Data for this exercise section start
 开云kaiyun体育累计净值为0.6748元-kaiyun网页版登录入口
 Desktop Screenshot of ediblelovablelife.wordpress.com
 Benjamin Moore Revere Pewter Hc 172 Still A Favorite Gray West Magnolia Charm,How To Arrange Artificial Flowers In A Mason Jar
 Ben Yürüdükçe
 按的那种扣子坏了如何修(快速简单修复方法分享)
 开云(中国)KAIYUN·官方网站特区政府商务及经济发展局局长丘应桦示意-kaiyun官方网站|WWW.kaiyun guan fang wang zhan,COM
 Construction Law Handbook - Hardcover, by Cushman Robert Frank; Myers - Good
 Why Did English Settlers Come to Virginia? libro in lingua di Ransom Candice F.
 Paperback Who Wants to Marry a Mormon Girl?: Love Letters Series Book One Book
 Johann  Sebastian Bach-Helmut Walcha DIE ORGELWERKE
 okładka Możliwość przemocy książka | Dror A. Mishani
Data for this exercise section end
Data for this exercise section start
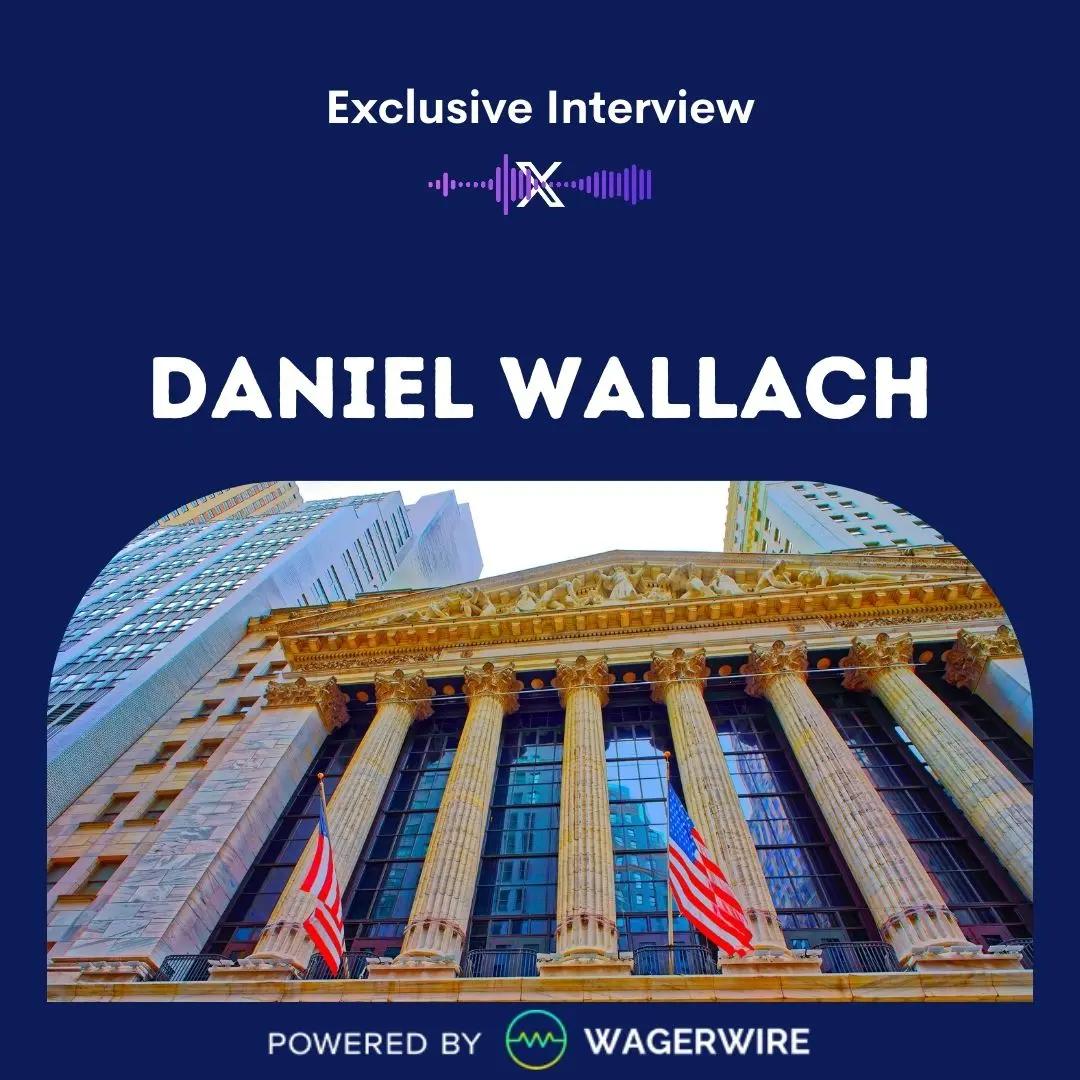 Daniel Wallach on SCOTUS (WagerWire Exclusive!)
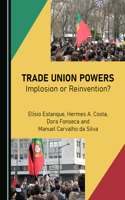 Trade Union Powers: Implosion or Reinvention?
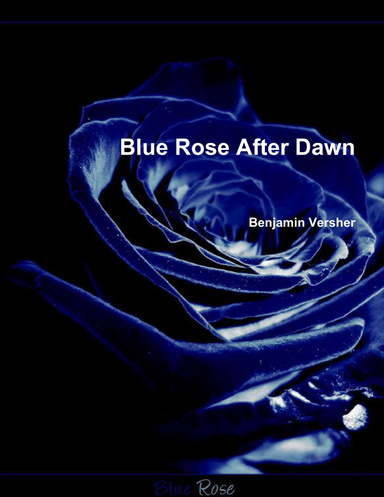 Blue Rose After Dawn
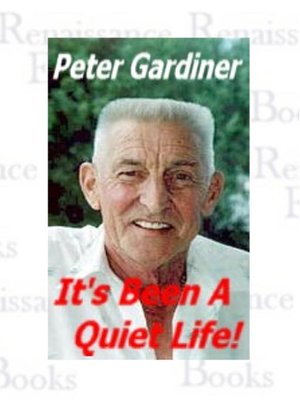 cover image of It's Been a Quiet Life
Data for this exercise section end
Data for this exercise section start
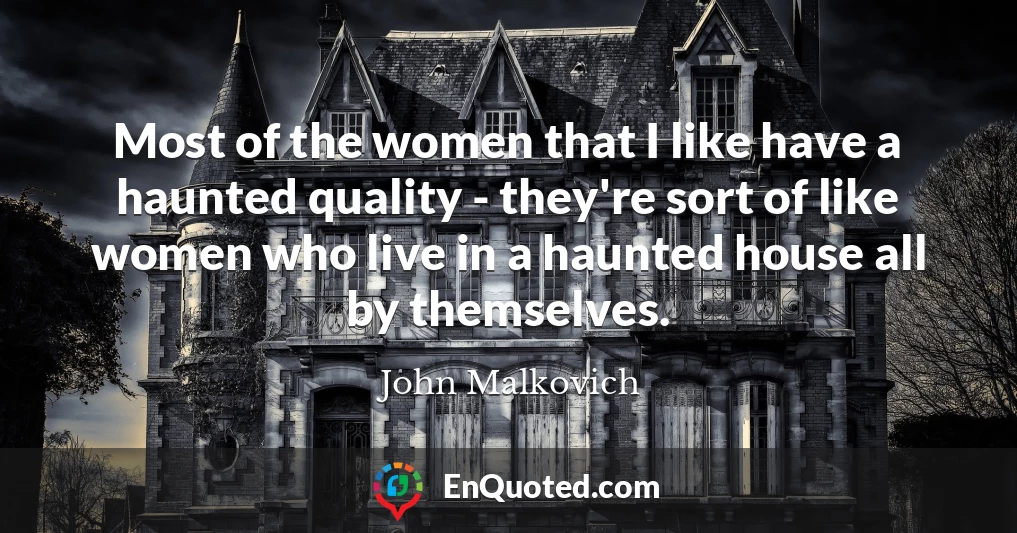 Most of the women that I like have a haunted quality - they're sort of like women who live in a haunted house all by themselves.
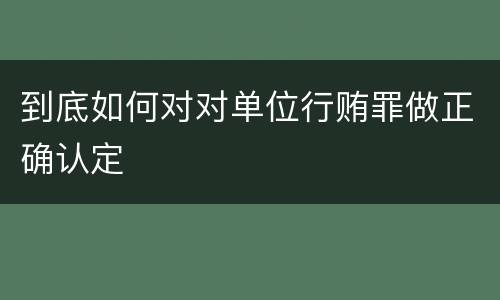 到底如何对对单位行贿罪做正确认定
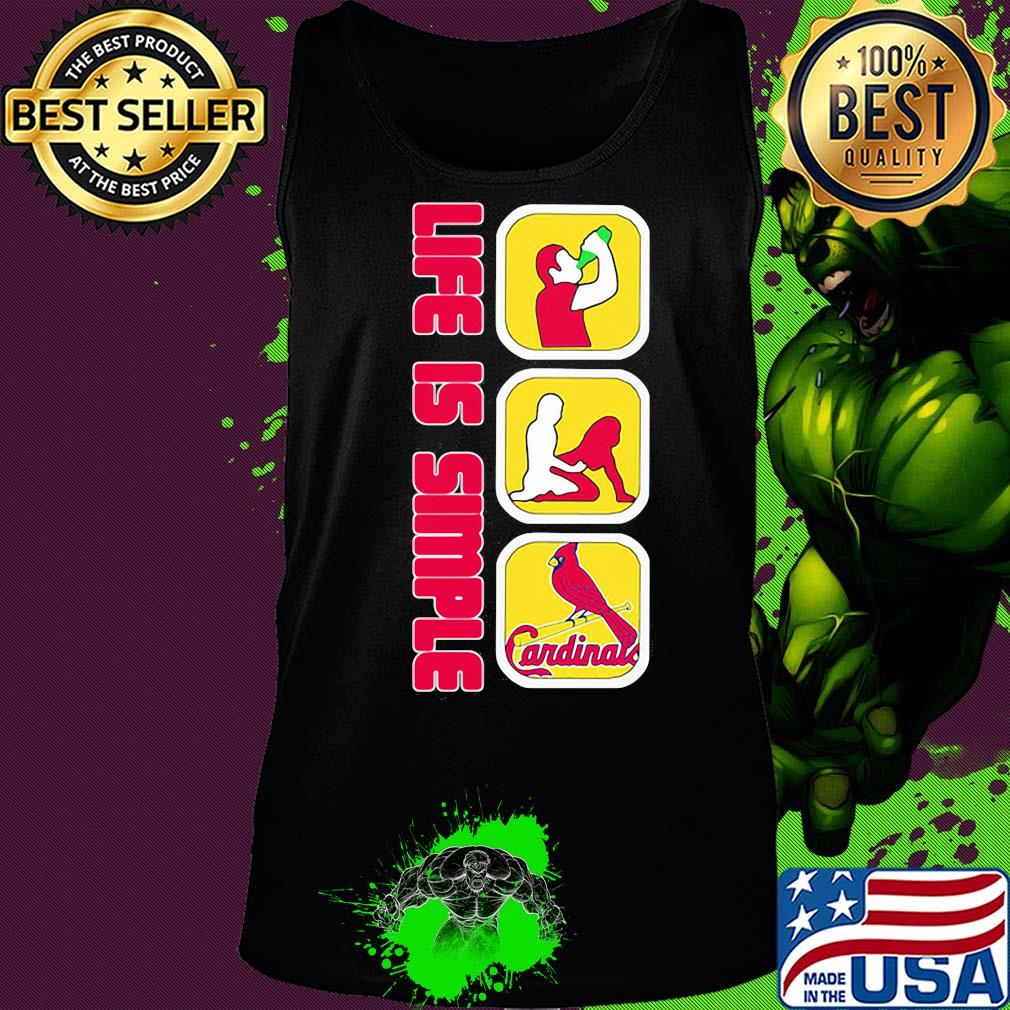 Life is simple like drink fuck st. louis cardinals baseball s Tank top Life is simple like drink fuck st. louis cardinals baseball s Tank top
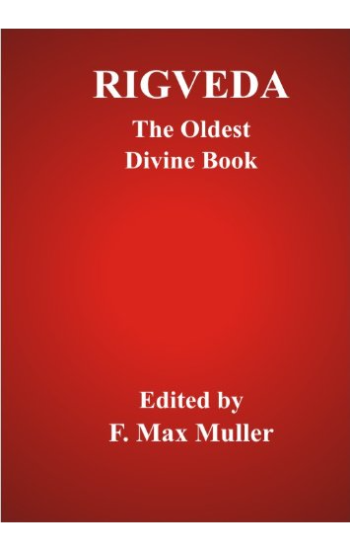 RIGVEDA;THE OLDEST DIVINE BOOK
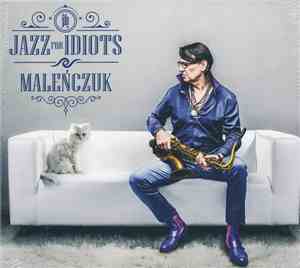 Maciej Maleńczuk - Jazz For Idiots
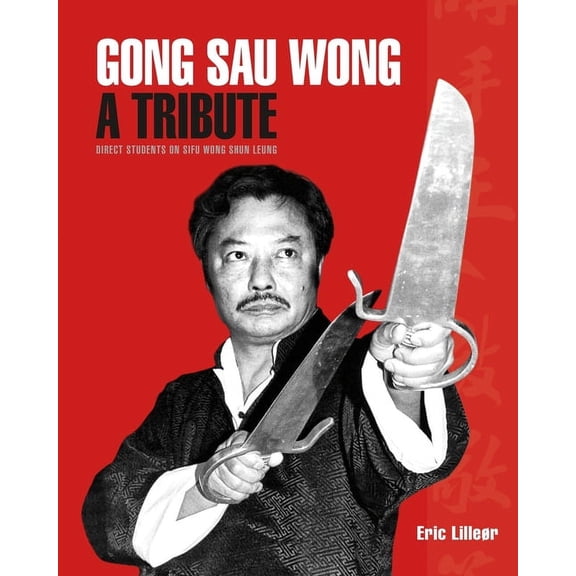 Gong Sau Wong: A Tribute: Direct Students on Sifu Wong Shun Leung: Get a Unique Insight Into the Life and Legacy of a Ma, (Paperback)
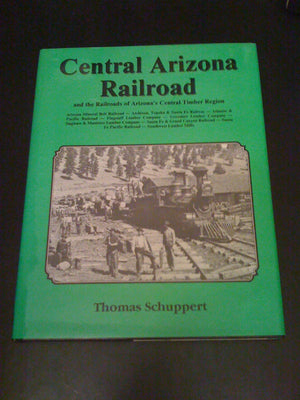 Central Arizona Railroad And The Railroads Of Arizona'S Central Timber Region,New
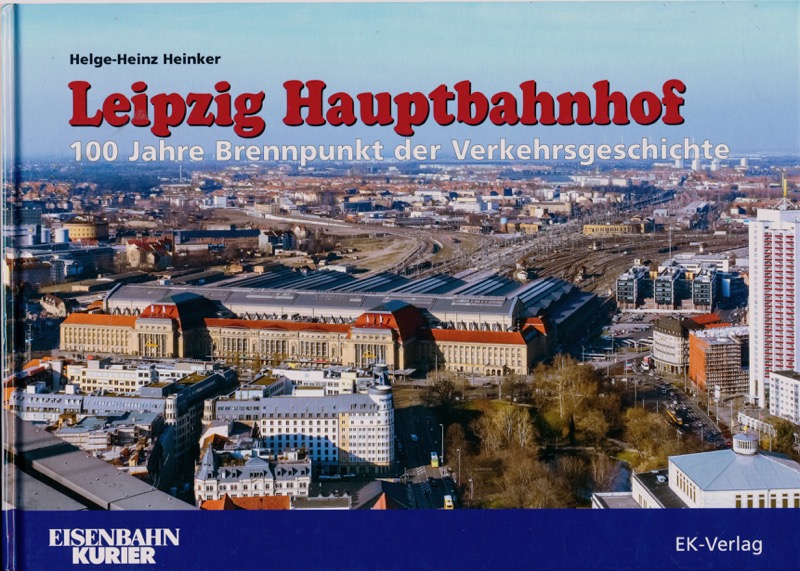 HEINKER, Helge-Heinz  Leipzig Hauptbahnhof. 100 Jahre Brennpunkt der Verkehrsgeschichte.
Data for this exercise section end
- [What the exercise asks]: Retype exactly the lines of the data above that fall between the line with "开云kaiyun体育累计净值为0.6748元-kaiyun网页版登录入口" and the line with "fang wang zhan,COM", inclusive, and add nothing.

- [Response to the exercise]:
 开云kaiyun体育累计净值为0.6748元-kaiyun网页版登录入口
 Desktop Screenshot of ediblelovablelife.wordpress.com
 Benjamin Moore Revere Pewter Hc 172 Still A Favorite Gray West Magnolia Charm,How To Arrange Artificial Flowers In A Mason Jar
 Ben Yürüdükçe
 按的那种扣子坏了如何修(快速简单修复方法分享)
 开云(中国)KAIYUN·官方网站特区政府商务及经济发展局局长丘应桦示意-kaiyun官方网站|WWW.kaiyun guan fang wang zhan,COM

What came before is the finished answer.